I love Italian hoagies with lots of onions, sweet and hot peppers, with oil and vinegar. I also love cheese steaks, with sauce onions and mushrooms. I prefer a nice hard chewy roll. I also love cheese steak hoagies (weber, california style steak), steak, cheese, a little sauce, a little mayo, lettuce, tomato, onitons. 

Pulled pork BBQ is hard to beat, with cole slaw on the side or on the sandwich. 

I also love all sorts of regular sandwiches....too many to list.


----------



## DahFISH (Mar 22, 2008)

Hey esquired,
Mama mia's, one in Hatfield the other in Quakertown very good eats if you get up that way.

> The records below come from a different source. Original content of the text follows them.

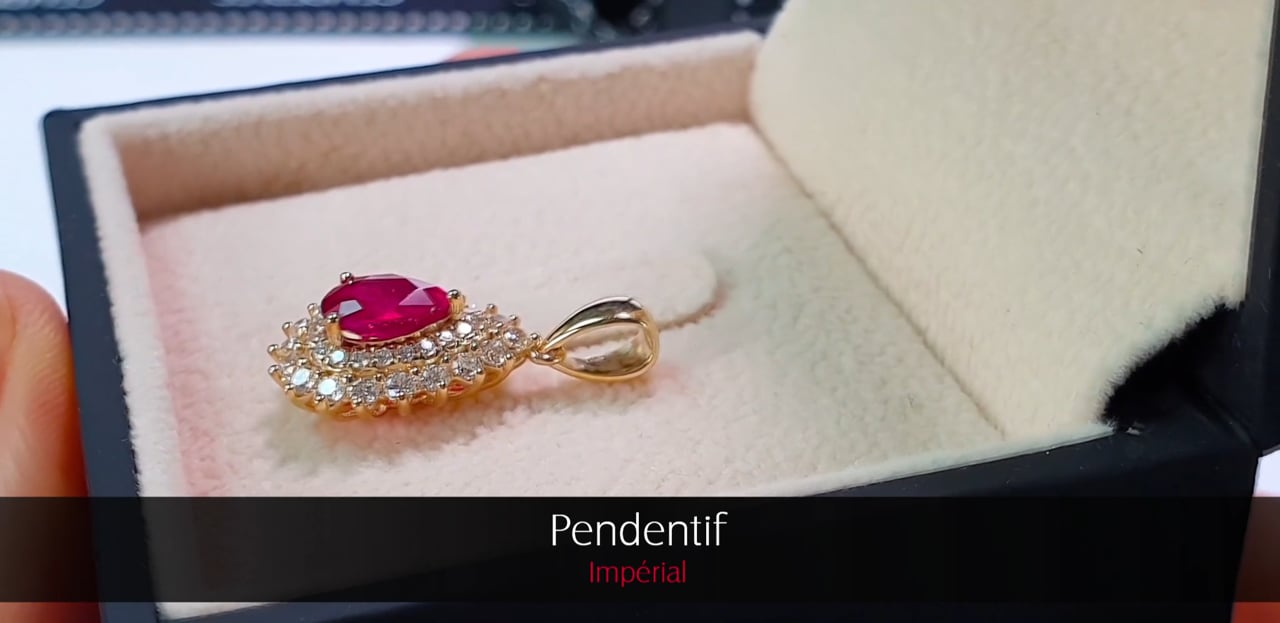 Ciondolo Rubino taglio pera Diamanti e oro bianco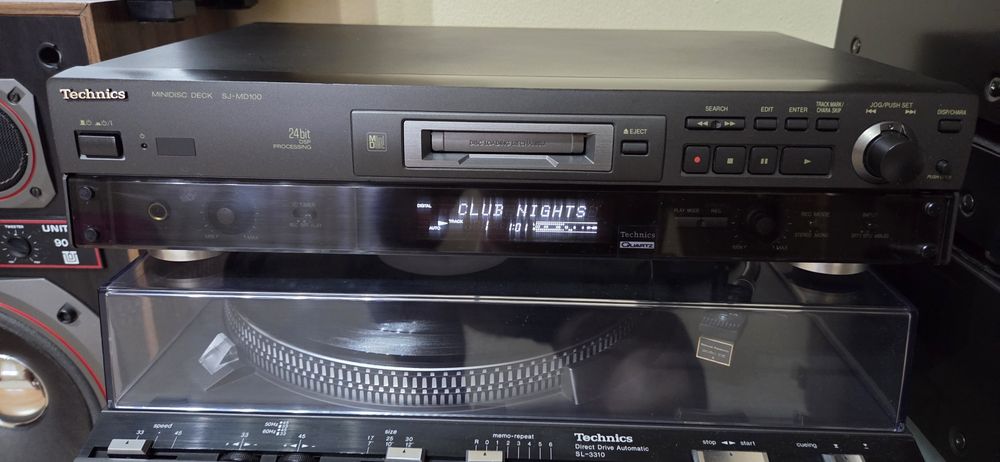 Minidisc technics SJ-MD100 cu telecomanda originala  in stare perfecta de functionare.
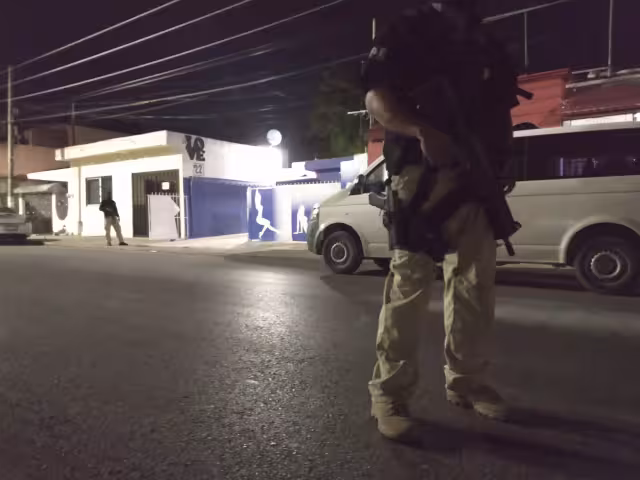 Las autoridades aseguraron algunos objetos al interior del inmueble aunque se desconoce cuáles son Foto: Jazmín Rodríguez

Another favorite of mine is for breakfast, I toast up some english muffins, fry up some eggs. top the eggs with prosciutto,provolone and roasted red peppers. Some times I use a long hoagie roll and make a dinner out of it.


----------



## Captain Ahab (Mar 22, 2008)

Well since I live between Hatfield and Quakertown I can get a Michaels no matter which way I go  


Thanks!

What is up with the new name?


----------



## DahFISH (Mar 22, 2008)

Check out new name thread


----------



## Zman (Mar 23, 2008)

Primanti Brothers. Pastrami & Cheese. Check out this heart attack!


----------



## dougdad (Mar 23, 2008)

Homemade Bacon, egg, and cheese burger, with lett. and tomato. eeeemmmmm gggoooodddd LOL


----------